- [Exercise prompt]: In the entries that follow, repeat exactly the lines from the one that has "Detail Gallery Image" through the one that has "Chloë Grace Moretz Onlyfans Photo Gallery", but omit pictures.

- [The data]:
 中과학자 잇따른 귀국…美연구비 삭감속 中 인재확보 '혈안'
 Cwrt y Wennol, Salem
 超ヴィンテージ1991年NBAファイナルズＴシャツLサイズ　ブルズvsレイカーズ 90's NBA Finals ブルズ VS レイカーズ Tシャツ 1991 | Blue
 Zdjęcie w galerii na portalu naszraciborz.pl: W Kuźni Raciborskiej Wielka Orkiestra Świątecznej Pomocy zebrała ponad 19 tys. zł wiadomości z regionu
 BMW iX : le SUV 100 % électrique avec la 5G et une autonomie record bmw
---
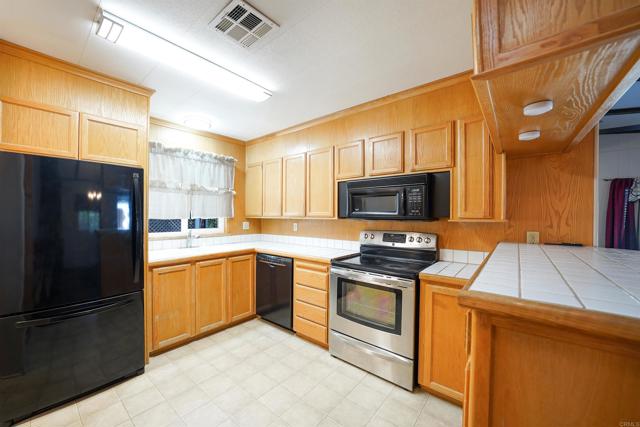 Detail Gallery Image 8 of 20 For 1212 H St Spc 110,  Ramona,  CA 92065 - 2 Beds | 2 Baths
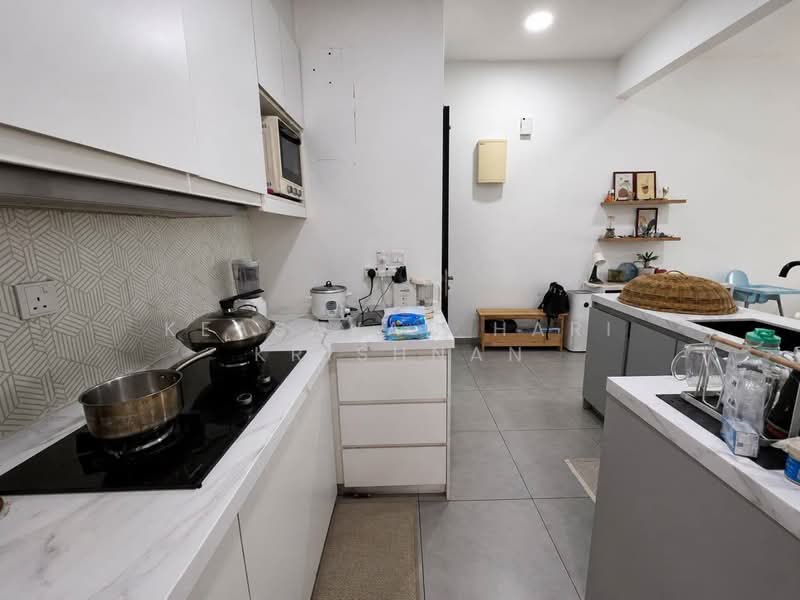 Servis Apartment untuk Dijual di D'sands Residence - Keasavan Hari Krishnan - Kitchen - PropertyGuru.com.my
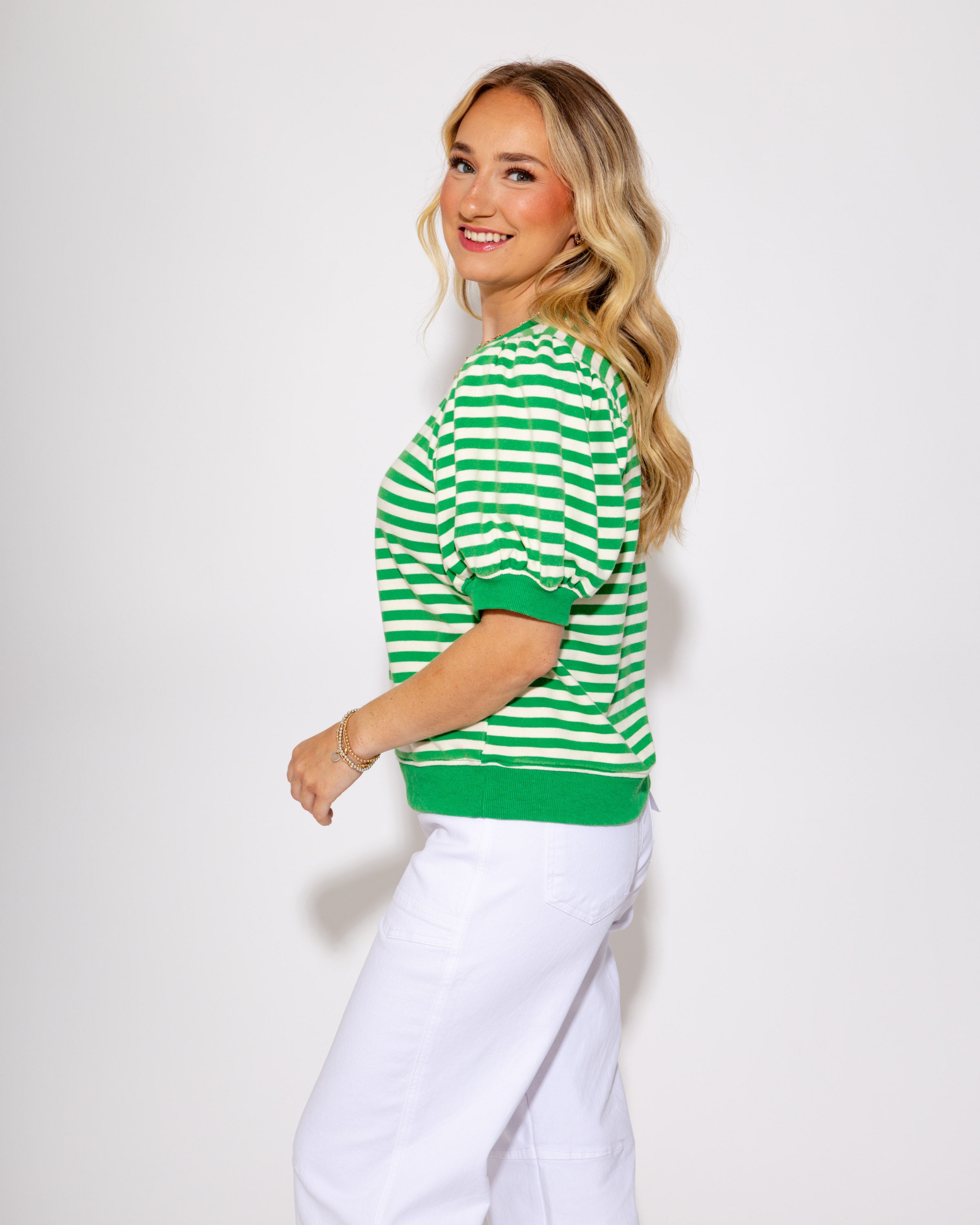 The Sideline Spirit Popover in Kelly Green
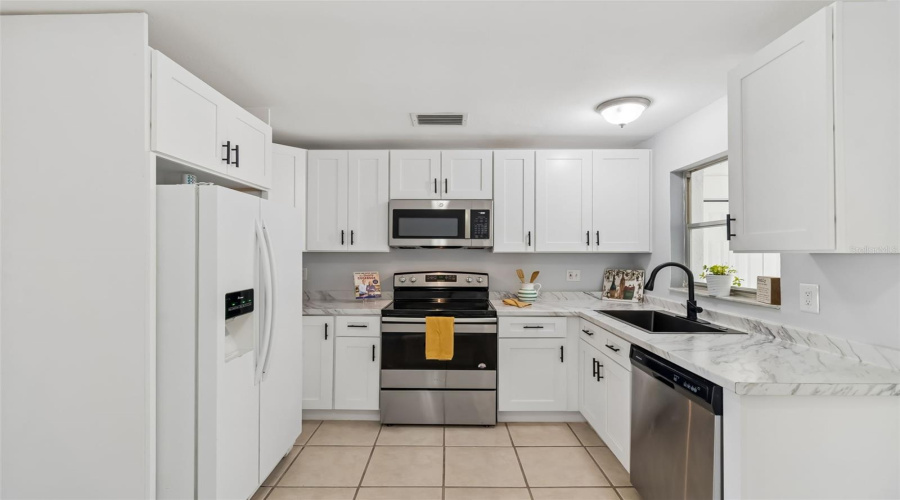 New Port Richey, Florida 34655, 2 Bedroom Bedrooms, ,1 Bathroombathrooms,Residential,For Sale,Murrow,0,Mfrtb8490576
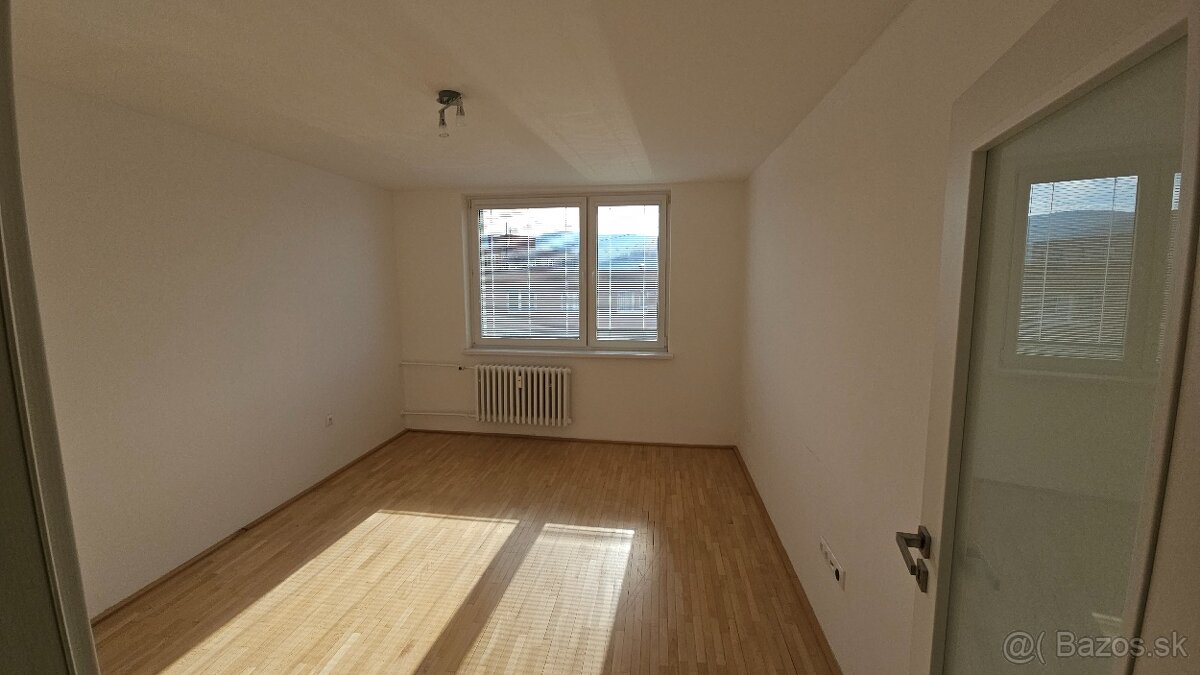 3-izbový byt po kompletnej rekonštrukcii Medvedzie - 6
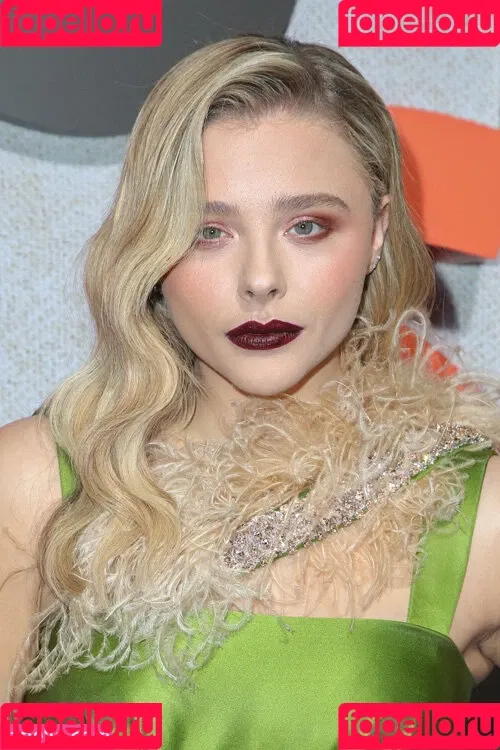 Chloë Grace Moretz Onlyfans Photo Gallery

- [Written reply]:
 Detail Gallery Image 8 of 20 For 1212 H St Spc 110,  Ramona,  CA 92065 - 2 Beds | 2 Baths
 Servis Apartment untuk Dijual di D'sands Residence - Keasavan Hari Krishnan - Kitchen - PropertyGuru.com.my
 The Sideline Spirit Popover in Kelly Green
 New Port Richey, Florida 34655, 2 Bedroom Bedrooms, ,1 Bathroombathrooms,Residential,For Sale,Murrow,0,Mfrtb8490576
 3-izbový byt po kompletnej rekonštrukcii Medvedzie - 6
 Chloë Grace Moretz Onlyfans Photo Gallery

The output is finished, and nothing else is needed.